The air hostesses went through the security demonstration (slight disappointment that they didn’t inflate their life vests but they made up for it by showing us oxygen masks – yet another exciting plane item I didn’t know about), and we were ready for take off.

The plan backed away.

I clenched my fists with excitement and kicked the floor in anticipation.

Please crash, please crash, please crash, I prayed. Please let there be sky pirates. Please let there be sky pirates and a crash.

I repeated my prayer as we taxied down the runway. I whispered it as the plane sped up. I almost shouted it out loud as we took off.

Please let there be sky pirates!!! Please crash!!!


The plane was pirate free.

There were no technical faults, the pilot was competent, and we didn’t run out of fuel. We didn’t crash.

Instead, we landed in Nice safely, as planned. We were on time, and most definitely not in the jungle. When the doors opened and everyone started to get off, confirming that there would be nothing on the adventure front, I felt cheated. The pilot could at least have had the decency to land on the water — the sea was just there. And why didn’t anyone hijack the plane?

Disappointment doesn’t come close to expressing what I felt as we went through the airport to go meet my grandparents. Being a resilient kid (and not the kind of kid to remain disappointed when faced with the prospect of long summer holidays spent with my grandparents), I moved my expectation to the return flight. Surely that plane would crash or be hijacked.  

(It didn’t)


I should say that while I repeatedly hoped for plane crashes and sky pirates for most of my childhood, rest assured that I have long grown out of this phase. So don’t worry if you ever find yourself in a plane with me — I won’t be praying for the engine to fail…
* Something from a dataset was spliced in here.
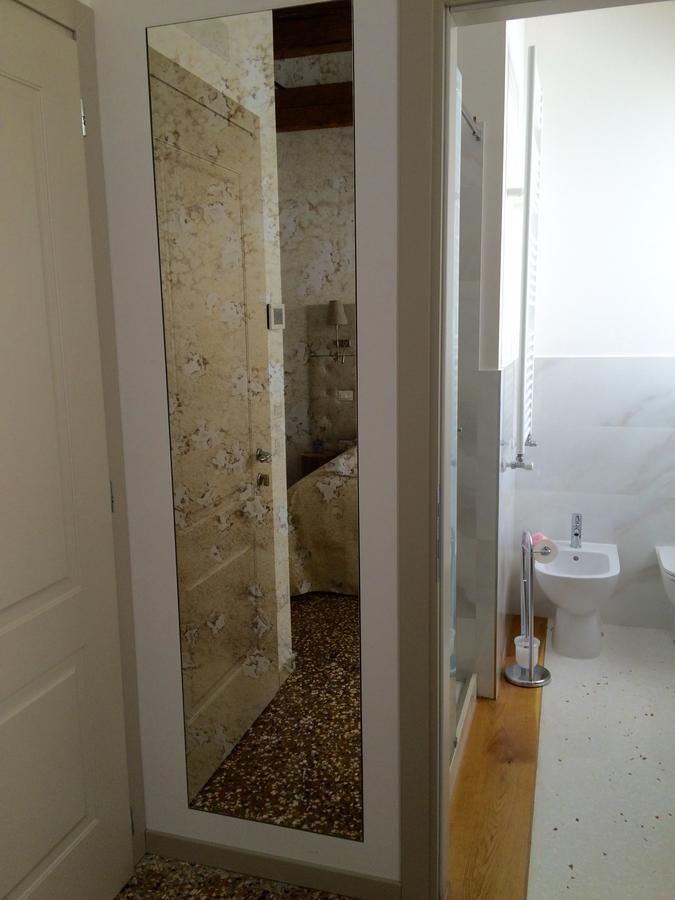 Camera Matrimoniale/Doppia con Letti Singoli con Bagno Privato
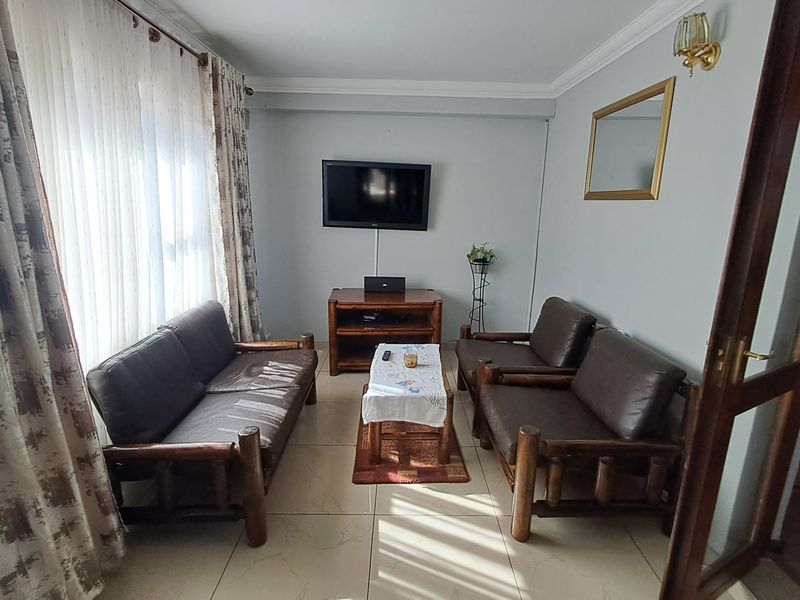 Elegant Double-Story Home Offering Space, Comfort & Style - Photo 10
38 thoughts on “A is for… Airplane

  1. Great tale, very well told. You captured the details, the excitment, the imagination of a child. Wonderful start to your month of A to Z. I’d never seen this book ( loved the illustration) and you are so right. ‘Sky pirates’ just screams swashbuckling adventure.


    • Thank you Sammy! So glad you enjoyed it. I was a little nervous about doing childhood stories actually, I was worried it would be the kind of thing that would only interest me and my family – but then I thought what the hell, I’ll give it a go…We’ll see how the month goes!!

      Liked by 1 person

  2. That was a fantastic story!

    When I flew the first time I was already a young woman, but I was so scared! I didn’t sleep well the night before, and I worried all the time what am I gonna do if anything happens.
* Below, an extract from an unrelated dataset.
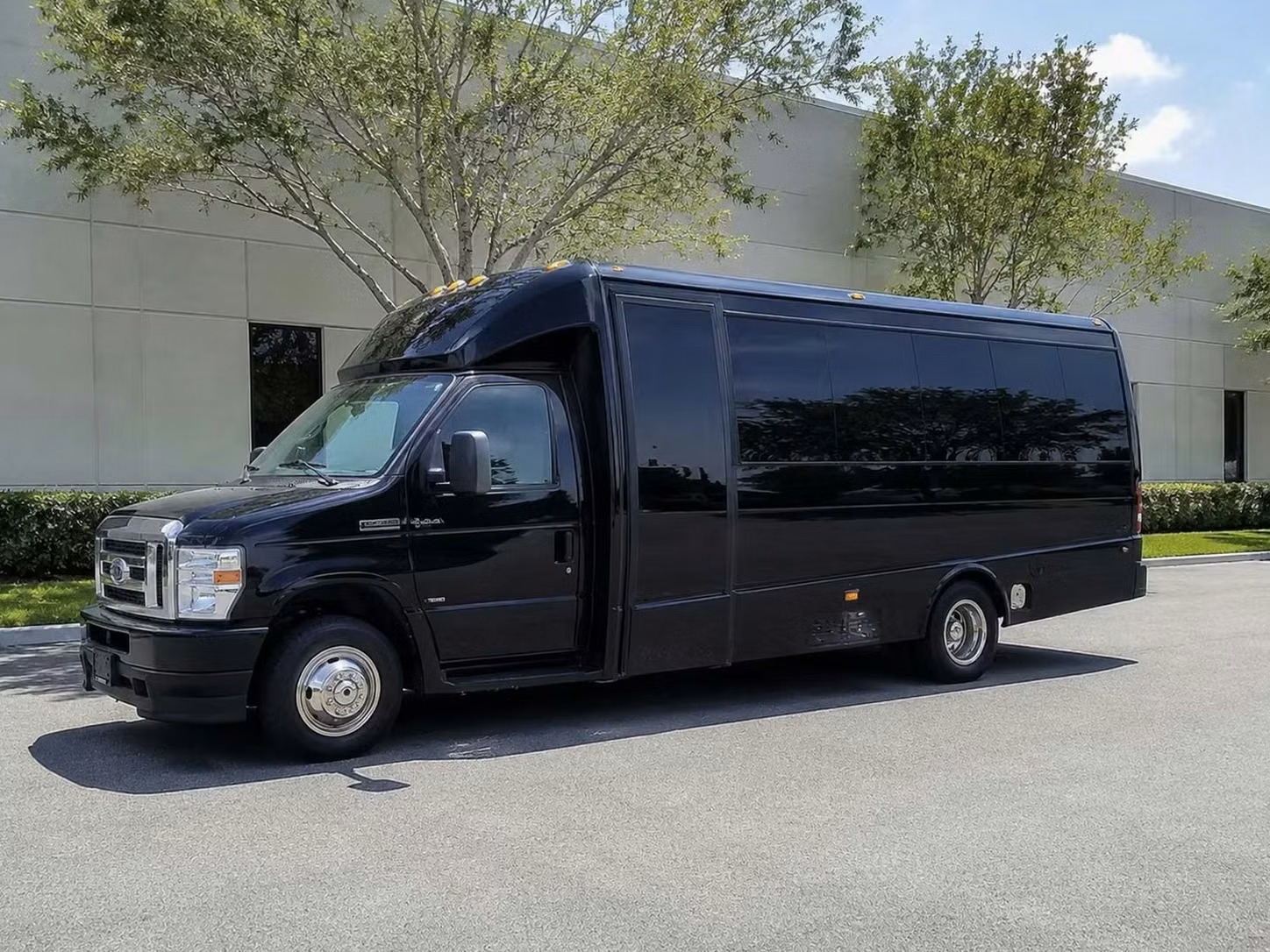 san dimas 18 passenger minibus rental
    When I boarded the plane (the smallest plane I’ve ever flown since) I was still worried. When the plane rolled, I felt my hear in my throat, and when the plane took off I felt (I literary fell) my stomach going up to my chest. And then…
    I was fascinated. I sat by the window so I could look out and what I saw was just amazing.

    I’m still a bit scared of landings, but I love watching the world from above 🙂


    • I agree, I love watching the world from above, especially when landing into a new country.
      I’ve flown once on a small plane and I was so airsick – I need the big the commercial jumbo jet type planes!!
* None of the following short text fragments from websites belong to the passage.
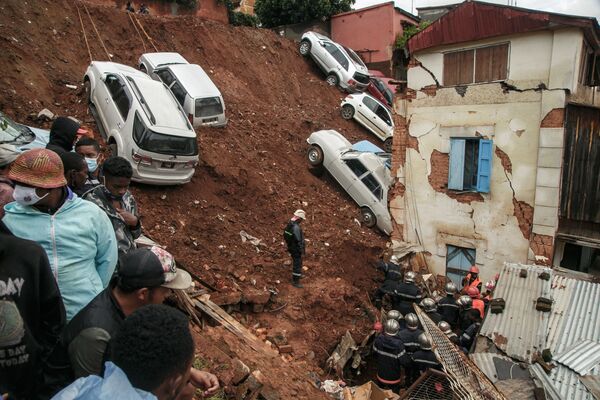 Las consecuencias de los desprendimientos de tierra en Madagascar causados por la tormenta tropical Ana. - Sputnik Mundo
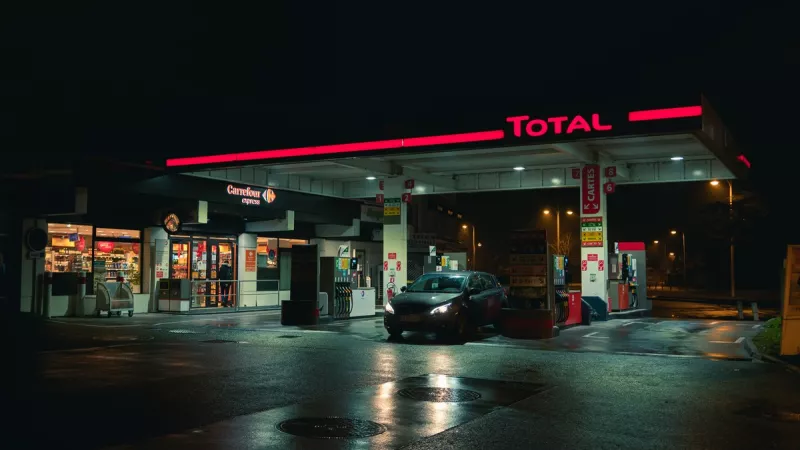 Station essence Totale à Aix-les-Bains, en France. ©Unsplash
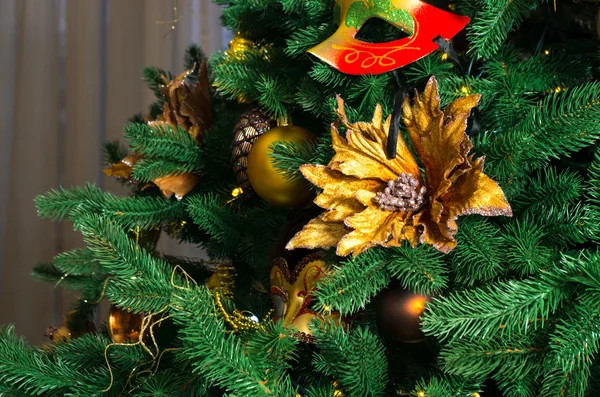 Decorações de Natal em uma árvore de Natal. — Fotografia de Stock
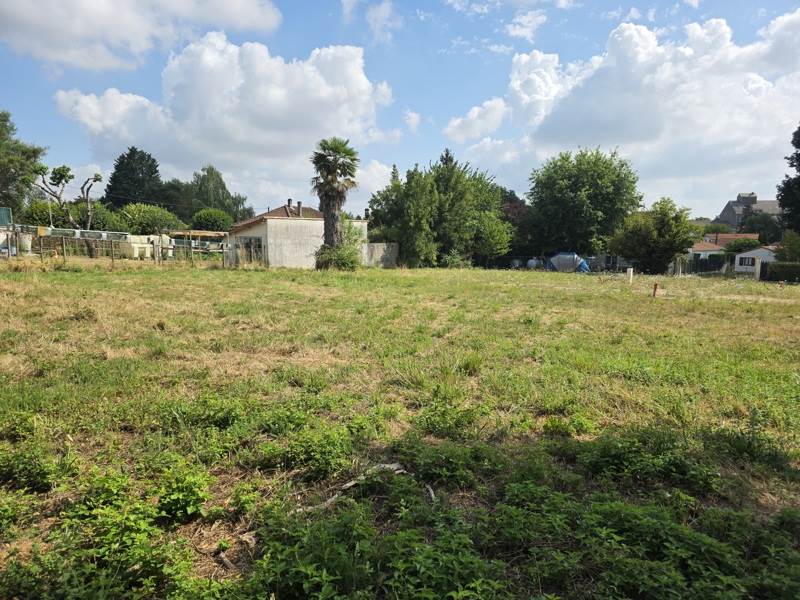 Vente Terrain JONZAC - -489 m² - (17500)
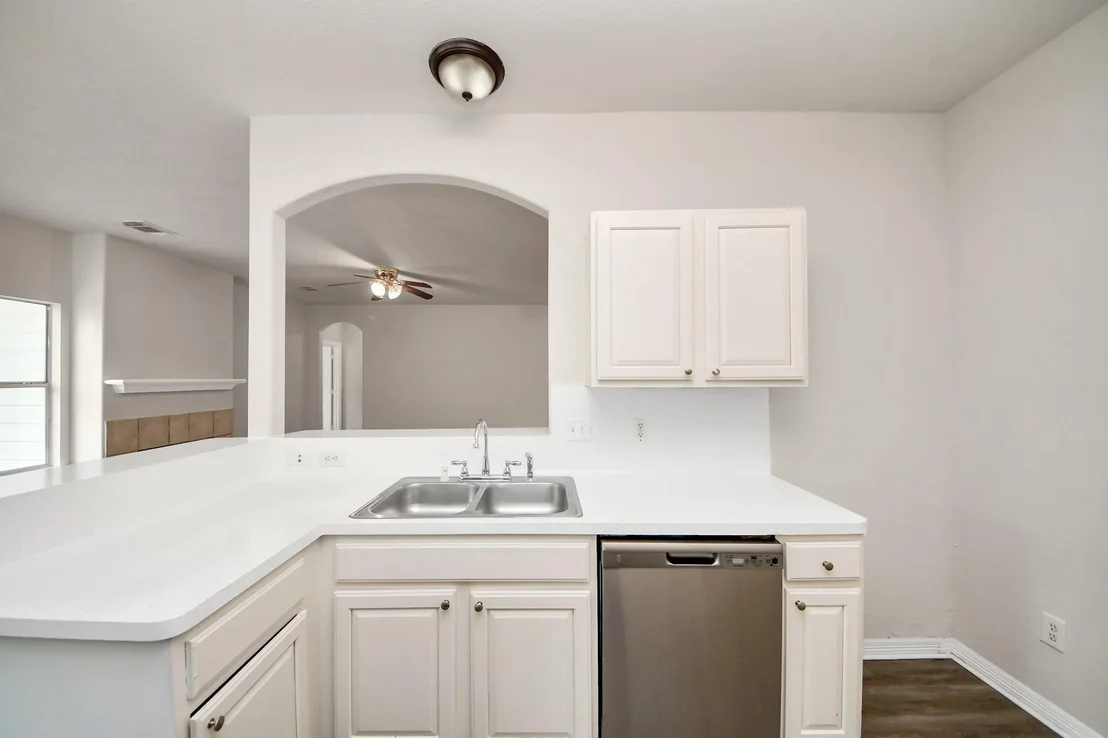 Photo of 5327 Rivergate Drive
  3. Great story! Looking forward the rest of your A-to-Z contributions! Ever read the Happy Hollisters? The were a series like Tom Swift, The Hardy Boys and Nancy Drew. 🙂


  4. Oh Celine, you are in fine form today! What a wonderfully constructed story. Sky pirates sounds super exciting. I don’t like heights in general, but I enjoy seeing what it’s like when the clouds are below me. Somehow I am able to pretend that the plane is some special kind of bus, not to worry. 🙂


  5. Great story. I literally laughed out loud. Children are so funny. I bet that adventure would not have been what was expected if the plane had crashed!


  6. Celine, You’ve brought a smile to my face with your hopes of crashes and air pirate–and I’m remembering the pie rats from Richard Scarey!. Great story. Looking forward to more.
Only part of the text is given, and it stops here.